Is this not the divine love about which Paul sings? Charity, the englishing of the Latin caritas, is love. “Love,” he says, “seeks not its own.” Divine love seeks our good as found in God. Unlike our human loves, “charity never faileth” and always abideth. “Now abideth faith, hope and charity; but the greatest of these is charity.” It means more than almsgiving, and yet all works of charity are really the works of corporal mercy, acts of the body of Christ for the body of Christ and in the body of Christ. They are all acts of love which seek the good of one another in the abiding love of God, the motions of divine love at work in us.
Without that all our human loves and actions, from the greatest to the least, are nothing worth. Why? Because they are radically incomplete and utterly disconnected from the source of all goodness and truth. Charity unites our knowing, faith, and our willing, hope, and suggests that we already participate in the mystery of perfect love; “Love divine all loves excelling.” But only if we continue on the way of love, constantly seeking to learn the lessons of love in our lives. Like the brothers of Joseph, the lessons are not always easy to learn. They can only be learned through suffering and through the passionate desire for learning.

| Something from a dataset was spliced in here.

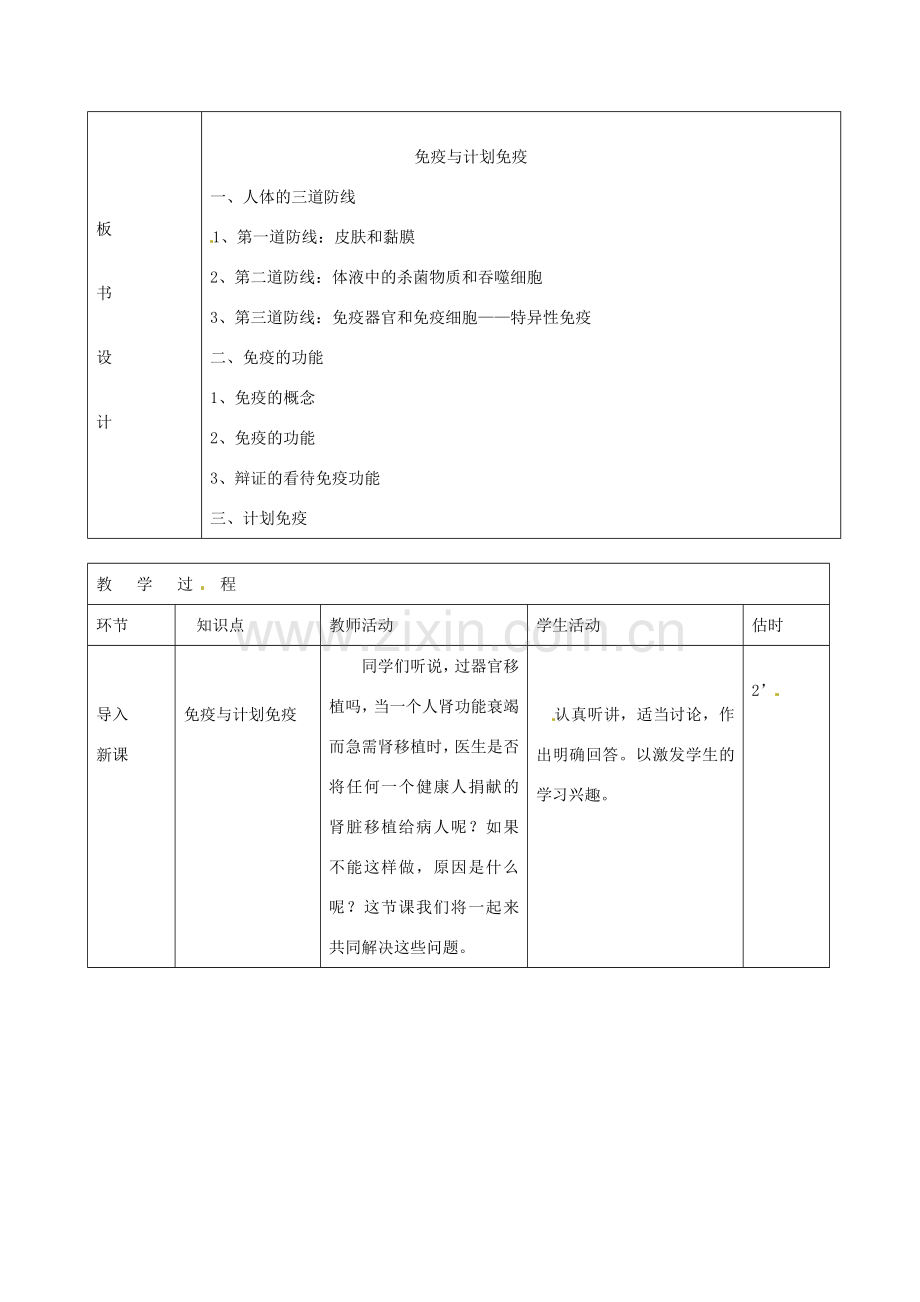 山东省临沭县第三初级中学八年级生物下册《8-1-2免疫与计划免疫》教案 新人教版.doc_第2页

“Behold, we go up to Jerusalem,” Jesus tells us in today’s Gospel. He explains “the things that shall be accomplished” there, the things of his Passion. Such are the lessons of love in the face of the full force of human sin. Yet “they understood none of these things.” How will we learn? Only if we go with Jesus to Jerusalem. That means discovering our blindness, our unknowing but that is precisely the beginning of the possibilities of learning and belongs entirely to the journey of love. We have to be like the blind man sitting by the way-side crying out to see. Like him we have to want to see, to learn, to know. In Paul’s terms it means wanting to see with the whole of our being, to “know even as we are known.” That is charity, the strong desire to know and to serve for that is to share in the same quality of love that God makes known to us in Christ’s sacrifice.
It means to ponder or to sound out the meaning of sin and love. Herbert points to Christ in Gethsemane and to the Cross. “Sinne is that presse and vice, which forceth pain/ to hunt his cruell food through ev’ry vein.” And love? He speaks of what flows out of the agony of the Cross for us and in which participate sacramentally. “Love is that liquor sweet and most divine, / Which my God feels as bloud; but I, as wine.” This is the love without which we are nothing, yet the love with which we are everything.